Recent USPTO Report Suggests Greater Consistency and Predictability in Patent-Ineligible Subject Matter Rejections
Last week, the US Patent and Trademark Office (“USPTO”) released a report detailing its findings on how the U.S. Supreme Court decision in Alice Corp. v. CLS Bank International, as well as subsequent USPTO guidance on 35 U.S.C. § 101 rejections, has affected rates of, and variability between, office action rejections. This report provides a new and useful glimpse into the state of patent prosecution of Alice-affected technologies after the USPTO issued its January 2019 Revised Patent Subject Matter Eligibility Guidance (“2019 PEG”).
The report focuses its analysis on two metrics: one, the percentage of patent applications that received first office action § 101 rejections, and two, the percentage of uncertainty in the patent examination process (defined as “the variation across examiners in the proportion of rejections for patent-ineligible subject matter… [uncertainty increases as] the percentage of first office action rejections…becomes more uneven across examiners within a specific technology”). U.S. Patent and Trademark Office, Adjusting to Alice: USPTO Patent examination outcomes after Alice Corp. v. CLS Bank International, 3 IP Data Highlights 3 (April 2020). These two metrics are analyzed both within the first 18 months after Alice, as well as within the 12 months following the 2019 PEG. The USPTO’s analysis indicates that the USPTO’s 2019 guidelines have affected both the rate and variability of first office action rejections based on patent-ineligible subject matter.
The USPTO first found that both § 101 rejections and uncertainty in the patent examination process sharply increased in the 18 months immediately following the Alice decision. Specifically, for Alice-affected technologies, “the chances of receiving a first office action rejection [with a § 101 rejection] increased by 31% in the 18 months following Alice.” Id. at 4. As the report notes, there are at least two explanations for the increase: one, applying the Alice standard involved expanding patent-ineligible subject matter to other technology areas, and two, “professionally trained judges, lawyers, and examiners can apply reasonable but different interpretations of the Alice standard.” Id. at 4. Additionally, “[w]ithin Alice-affected technologies, uncertainty in the patent examination process “increased by 26% in the 18 months following Alice,” which “seems to reflect the interpretive latitude in the language of the Alice standard.” Id. at 5.
The USPTO found, however, that the 2019 PEG appeared to reverse both of these upward trends.
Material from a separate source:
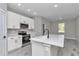 Bright kitchen featuring stainless appliances, an island, and white cabinetry at 9095 Sw 125Th Ter, Dunnellon, FL 34432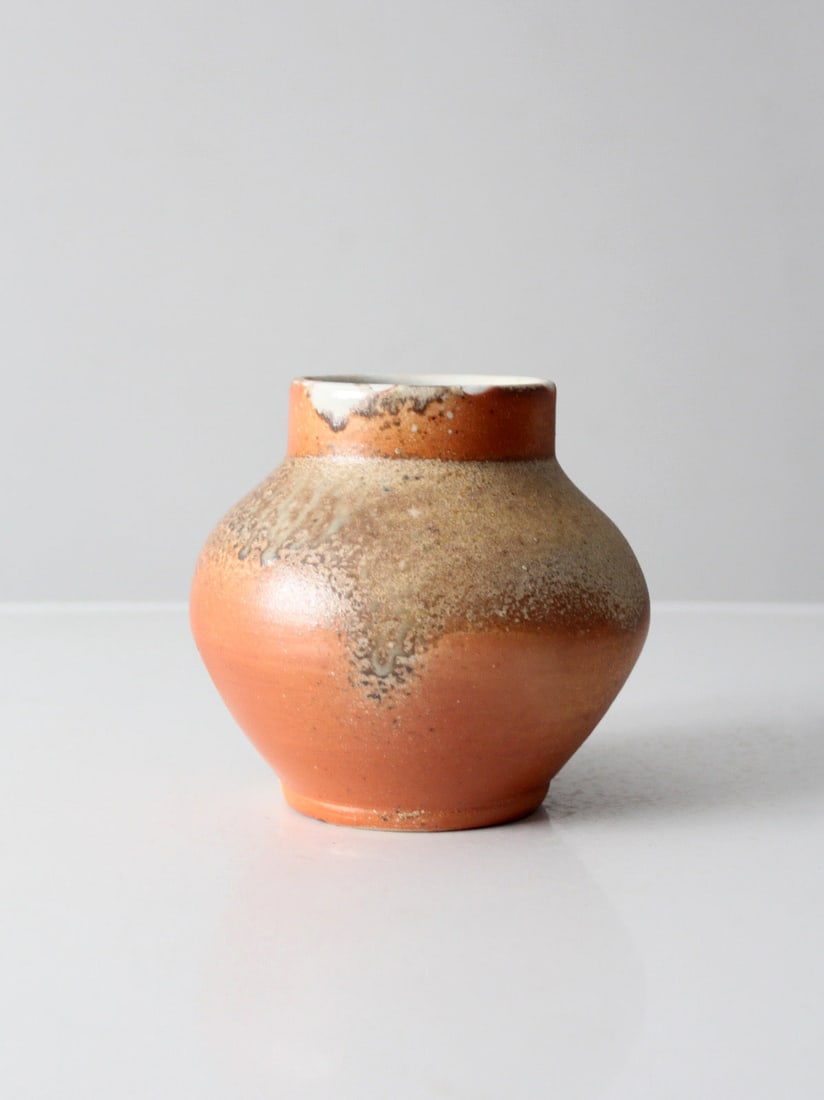 Rounded Earth Tone Ceramic Vase Handmade Vintage Studio Accent: Rounded Earth Tone Ceramic Vase Handmade Vintage Studio Accent This vintage handmade studio pottery vase showcases a rounded silhouette with warm, earthy tones and subtle tonal variations across the s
Specifically, in the year following the issuance of the 2019 PEG, “the chances of receiving a first office action [§ 101 rejection decreased] by 25%,” and “uncertainty about patent subject matter eligibility determinations … [was reduced] by 44% for Alice-affected technologies.” Id. at 7, 8. The USPTO stated that the 2019 PEG both “clarified that abstract ideas are grouped as mathematical concepts, certain methods of organizing human activity, and mental processes … [and] explained that a claim that recites an abstract idea that is not ‘directed to’ the abstract idea if the claim as a whole integrates the abstract idea into a practical application.” Id. at 7. As a result, “the 2019 PEG provided clarity and structure to the decision-making process, thereby reducing the degree of variability observed across examiners in subject matter eligibility determinations.” Id. at 8.
These figures show a trend towards a more “consistent and predictable” approach towards § 101 rejections from the USPTO since it issued its 2019 PEG. Id. at 8. These statistics should be encouraging to any inventors in Alice-affected technologies who hesitated to seek patent protection immediately following Alice, as the report indicates that patent examiners now both issue § 101 rejections less frequently, and are more consistent when they do issue rejections for patent-ineligible subject matter.